Today’s technology moves at a rapid pace, with newer, better, and often simpler tools constantly replacing older iterations. Companies like Uber and Netflix are redefining how we do business, freelancers and flex-workers are replacing traditional job-roles, and even the basic functions of life such as banking is changing exponentially.

While the most obvious results of rapid change don’t include how we work, those changes naturally extend to employees and their skills. Rapid change necessitates that old skills will become irrelevant, new skills will be required, and knowledge which was previously crucial is no longer so.

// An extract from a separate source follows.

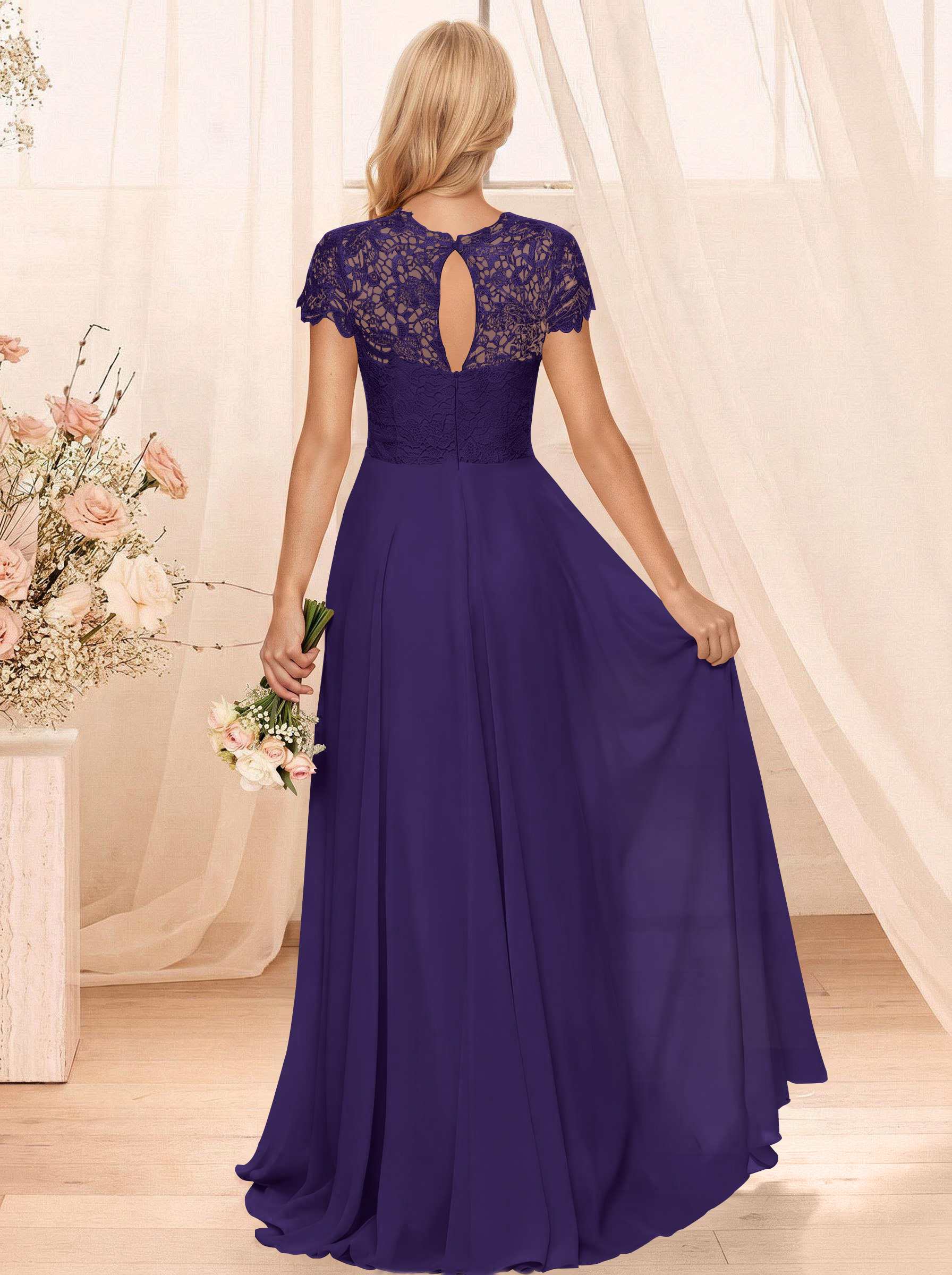 A-Line Scoop Neck Sleeveless Cap Straps Chiffon Floor-Length Bridesmaid Dresses With Lace, product image 78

Individuals must continue to grow and change if they are to keep up and remain relevant and valuable in their organizations. Upskilling employees is also about talent retention and reducing turnover, individual and personal development, and developing individuals for new roles and leadership positions. While there are many ways to approach it, the following tips will help you upskill employees in ways that are meaningful to your and their goals.

4 tips to upskill employees

Develop a Culture of Coaching and Mentoring

Most people learn best through coaching and mentoring, where leaders directly involve themselves in helping those they work with to succeed. Here, your goal should be to empower leaders to recognize and directly work with individuals on their teams to coach and mentor them to choosing career paths, improving productivity, changing work patterns, and adapting to new technology. While the nature and goals of mentoring will obviously change depending on your organization, the employee’s level within your organization, and their ambition or career path, it’s an important aspect in any employee upskilling. Managers should provide coaching and support in every setting.

Identify (Up-and-coming) Skill Gaps

While completely retraining individuals is reskilling rather than upskilling, you can work to identify up-and-coming skill gaps and move existing employees into those gaps. For example, if you know that your communications department will switch to a new content management system in a year, you can begin training employees to that new system now, so that their skills remain relevant when the new system is introduced. Similarly, if you’re switching to developing for iOS instead of just Android, you could move developers into training to learn Swift. Ensuring that your employees retain relevant skills for your tools, software, and work-methods is an important part of upskilling.

Invest in Personalized Training and Development

While upskilling must benefit a large number of employees across your organization, it pays to invest in personalization and individual development. For example, if you offer something broad and generic, like an organizational-wide digital course, you’ll likely have relatively low engagement. On the other hand, if you invest in a larger number of courses, help individuals to choose a series of courses that benefit their career goals and paths, and supplement where needed or beneficial for specific individuals, you can drive a much greater level of engagement and motivation.

Create Development Opportunities

Developing leaders, senior technicians, and individuals for new roles is always best-done from within an organization. Here, your goal should be to identify individuals with potential and work with them to ensure their ambition and career path align with your needs and then develop them to that point.

Development opportunities should include assignments, classroom learning, and on-the-job learning, so that individuals have the opportunity to fully prepare themselves for whatever role they will be stepping into.

Upskilling employees is important if you want to keep individuals relevant and valuable inside your organization. While it will require investment in mentoring, training, and learning opportunities, upskilling will also prevent you from creating skill gaps, will prevent the need to fire employees as their skillset becomes less relevant, and will save you money on recruiting. In addition, driving personal development and skills will help you to create more value for the individual, driving engagement and talent retention in your organization.